The Food Truck Index – an industry that contributes more than $2b nationally – finds that Boston is prohibitively expensive and is overly bureaucratic. The index, reviewed regulations in twenty of America’s largest cities. They focused on the permitting processes and licensing, complying with restrictions and operating a food truck. The findings were based on on fees, trips to government agencies and the number and level of government procedures from nearly 300 food truck operators in the twenty cities.
While I don’t expect (or want) to live in a city where there is no oversight, it seems like Mayor Walsh and the City of Boston are openly hostile to the food trucks. For example, in Denver, food truck operators need to make 8 trips to licensing agencies, follow 10 procedures, and pay an average $811 to get their trucks up and running. In Boston, the average cost in fees is $17,066, and to add insult to injury they must make nearly 3X as many trips (22 trips) to government agencies to ensure they are in compliance with more than 30 procedures.
When you compare the out-of-pocket cost for obtaining permits and licenses for a new food truck in Boston it is so incredibly out-of-step to other cities. Even Seattle which ranked 19 out of 20 cities only costs $6,211 (almost 3x less). If you remove both Boston and Seattle from this list, the average cost in fees for the remaining 18 cities is $1,622; Boston’s fees are roughly 10X that amount.

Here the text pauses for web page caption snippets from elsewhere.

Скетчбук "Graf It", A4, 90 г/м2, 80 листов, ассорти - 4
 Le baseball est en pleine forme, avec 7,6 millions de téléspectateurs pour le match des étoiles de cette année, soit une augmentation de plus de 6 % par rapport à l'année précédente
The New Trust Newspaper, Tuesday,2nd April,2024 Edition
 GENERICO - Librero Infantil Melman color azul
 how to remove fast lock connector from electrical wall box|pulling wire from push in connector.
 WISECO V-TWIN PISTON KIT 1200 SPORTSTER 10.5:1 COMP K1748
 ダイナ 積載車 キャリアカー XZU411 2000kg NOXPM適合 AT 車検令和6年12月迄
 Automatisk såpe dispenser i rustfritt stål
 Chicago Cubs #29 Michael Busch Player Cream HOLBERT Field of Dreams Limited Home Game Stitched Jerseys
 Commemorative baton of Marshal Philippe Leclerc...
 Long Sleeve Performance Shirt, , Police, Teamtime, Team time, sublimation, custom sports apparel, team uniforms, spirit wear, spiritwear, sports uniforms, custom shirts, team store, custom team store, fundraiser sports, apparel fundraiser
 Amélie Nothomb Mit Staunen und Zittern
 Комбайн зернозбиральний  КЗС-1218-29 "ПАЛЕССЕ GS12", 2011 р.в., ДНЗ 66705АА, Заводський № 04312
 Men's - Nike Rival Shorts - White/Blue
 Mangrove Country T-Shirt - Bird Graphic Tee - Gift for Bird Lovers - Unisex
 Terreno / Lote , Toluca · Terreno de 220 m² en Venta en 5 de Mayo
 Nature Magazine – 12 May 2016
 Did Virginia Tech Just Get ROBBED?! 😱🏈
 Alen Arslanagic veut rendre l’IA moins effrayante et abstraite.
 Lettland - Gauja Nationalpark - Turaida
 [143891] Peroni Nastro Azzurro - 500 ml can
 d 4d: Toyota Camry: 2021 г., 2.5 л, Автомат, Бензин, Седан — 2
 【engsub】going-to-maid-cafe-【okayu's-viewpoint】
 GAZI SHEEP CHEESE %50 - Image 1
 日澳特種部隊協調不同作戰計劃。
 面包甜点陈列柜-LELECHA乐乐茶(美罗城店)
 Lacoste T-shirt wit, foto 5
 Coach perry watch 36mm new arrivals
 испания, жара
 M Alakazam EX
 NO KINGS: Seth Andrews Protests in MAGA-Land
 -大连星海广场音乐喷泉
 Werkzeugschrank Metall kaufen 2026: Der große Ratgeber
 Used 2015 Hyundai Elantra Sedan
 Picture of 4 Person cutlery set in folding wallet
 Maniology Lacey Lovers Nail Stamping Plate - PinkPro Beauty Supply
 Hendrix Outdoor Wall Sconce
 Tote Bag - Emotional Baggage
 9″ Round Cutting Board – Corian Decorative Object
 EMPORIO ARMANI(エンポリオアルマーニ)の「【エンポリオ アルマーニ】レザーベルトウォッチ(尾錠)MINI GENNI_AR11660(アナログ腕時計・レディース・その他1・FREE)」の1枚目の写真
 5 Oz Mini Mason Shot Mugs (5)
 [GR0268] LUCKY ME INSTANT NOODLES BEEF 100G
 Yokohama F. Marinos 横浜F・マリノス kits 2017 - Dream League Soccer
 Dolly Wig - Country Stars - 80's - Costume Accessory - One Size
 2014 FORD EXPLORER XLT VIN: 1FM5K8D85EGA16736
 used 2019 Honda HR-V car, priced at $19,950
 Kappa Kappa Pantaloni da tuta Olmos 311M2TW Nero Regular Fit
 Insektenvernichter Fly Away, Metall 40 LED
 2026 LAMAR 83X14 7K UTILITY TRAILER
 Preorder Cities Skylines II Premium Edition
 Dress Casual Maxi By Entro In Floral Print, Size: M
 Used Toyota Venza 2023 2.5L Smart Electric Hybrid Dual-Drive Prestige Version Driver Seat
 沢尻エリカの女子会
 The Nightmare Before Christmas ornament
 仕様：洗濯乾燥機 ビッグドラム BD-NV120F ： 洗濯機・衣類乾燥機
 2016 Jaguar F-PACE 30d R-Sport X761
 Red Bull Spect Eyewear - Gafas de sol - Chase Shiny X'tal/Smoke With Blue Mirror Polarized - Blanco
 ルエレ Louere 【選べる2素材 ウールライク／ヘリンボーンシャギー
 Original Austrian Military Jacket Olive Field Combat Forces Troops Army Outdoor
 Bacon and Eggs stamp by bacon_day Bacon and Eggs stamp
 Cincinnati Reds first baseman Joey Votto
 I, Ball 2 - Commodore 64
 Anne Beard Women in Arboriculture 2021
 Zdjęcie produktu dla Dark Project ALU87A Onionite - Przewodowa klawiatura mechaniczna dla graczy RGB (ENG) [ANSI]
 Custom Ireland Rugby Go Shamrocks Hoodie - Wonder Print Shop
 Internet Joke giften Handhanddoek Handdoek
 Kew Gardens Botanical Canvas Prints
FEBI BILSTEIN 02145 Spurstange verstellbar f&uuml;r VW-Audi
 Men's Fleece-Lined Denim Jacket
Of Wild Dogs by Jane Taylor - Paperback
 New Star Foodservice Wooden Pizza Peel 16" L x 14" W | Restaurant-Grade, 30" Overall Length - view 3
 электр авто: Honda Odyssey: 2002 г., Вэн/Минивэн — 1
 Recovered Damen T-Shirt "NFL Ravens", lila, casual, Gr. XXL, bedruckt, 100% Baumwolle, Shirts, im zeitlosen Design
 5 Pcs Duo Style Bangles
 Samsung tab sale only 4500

The astronomical cost associated with permitting and licensing doesn’t stop there either because operating a food truck in Boston is estimated to cost nearly $38,000 in Boston (also ranking us last). Realizing that the cost of operating a food truck in a city like Boston is going to be more expensive than many places in the U.S., the least the city could do is make the licensing and permitting process more affordable and less onerous.
Mayor Walsh – Boston can do better than this.